Background noise profiles:
* Removed -C/--cross-tabular option from BGEstimate, BGPredict, and BGMerge and also removed the ability to read files in this format.
* BGEstimate, BGHomStats, and BGPredict now add a column 'tool' with their name to the output.

* Properly implemented the options on the StuttermodelVis HTML
  visualisation.
* Added filtering options for marker and repeat unit to
  StuttermodelVis.
* Added StuttermodelVis to the Vis tool.

General visualisation changes:
* Updated Vega to v2.2.4.
* Fixed glitch that caused mouseover events in HTML visualisations
  to stop working after the renderer was switched.
* The file name suggested by the Save Image link in HTML
  visualisations is now derived from the name of the loaded data
  file.

* Added StuttermodelVis HTML file and JSON spec. The rendering
  works, but some of the options are not implemented yet.
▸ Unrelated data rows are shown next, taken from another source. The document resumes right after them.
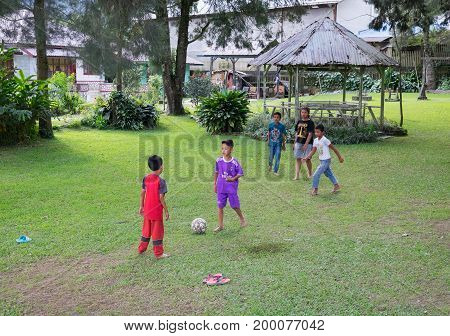 BERASTAGI INDONESIA 15 MAY 2017 : Indonesian children play football in countryside area of Berastagi city Northern Sumatra.
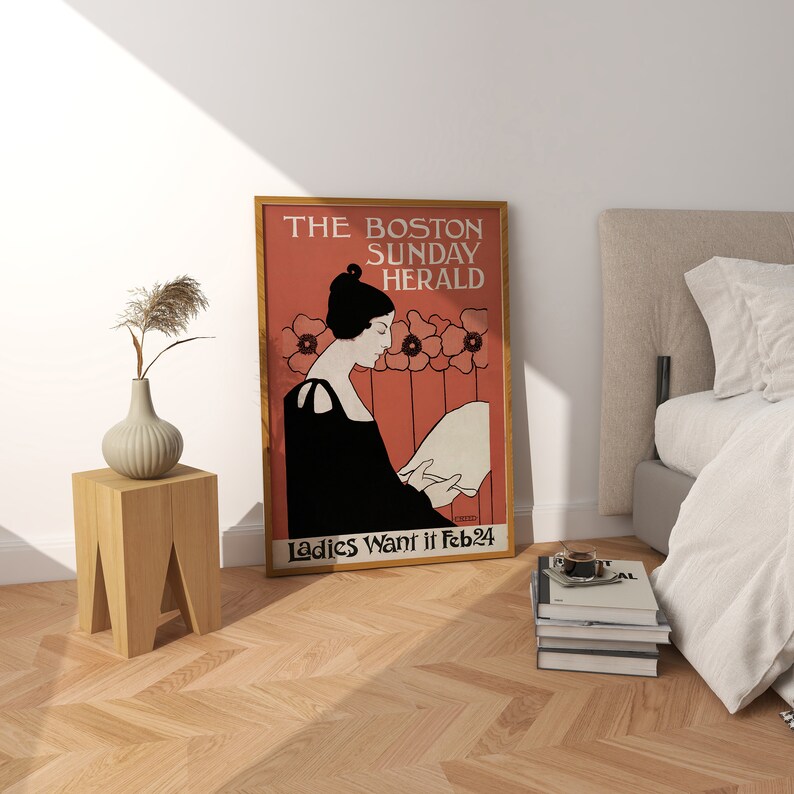 May include: A framed vintage poster with the text "THE BOSTON SUNDAY HERALD" and "Ladies Want it Feb 24". The poster features a woman in black attire reading, set against a red background with floral accents. A wooden side table and vase are in the foreground.
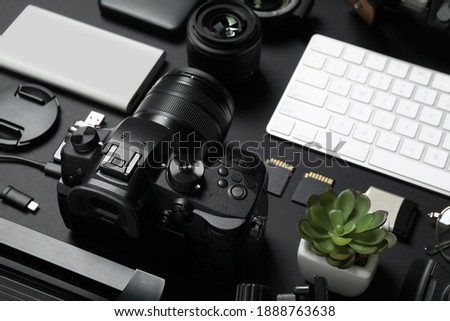 Camera, computer keyboard and video production equipment on black background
It is
  also not yet added to the Vis tool.
* Changed the order of stuttermodel's coefficients: 'a' used to be
  the most significant coefficient, now it is the least significant
  coefficient (the shift). The benefit of this is that when moving
  to higher-order polynomials, the extra coefficients do not change
  the meaning of the others. So 'a' is now always the shift, 'b' is
  the linear component, 'c' the quadratic, etc.
* Added some development notes (including todo list) that I had
  kept outside of the project until now.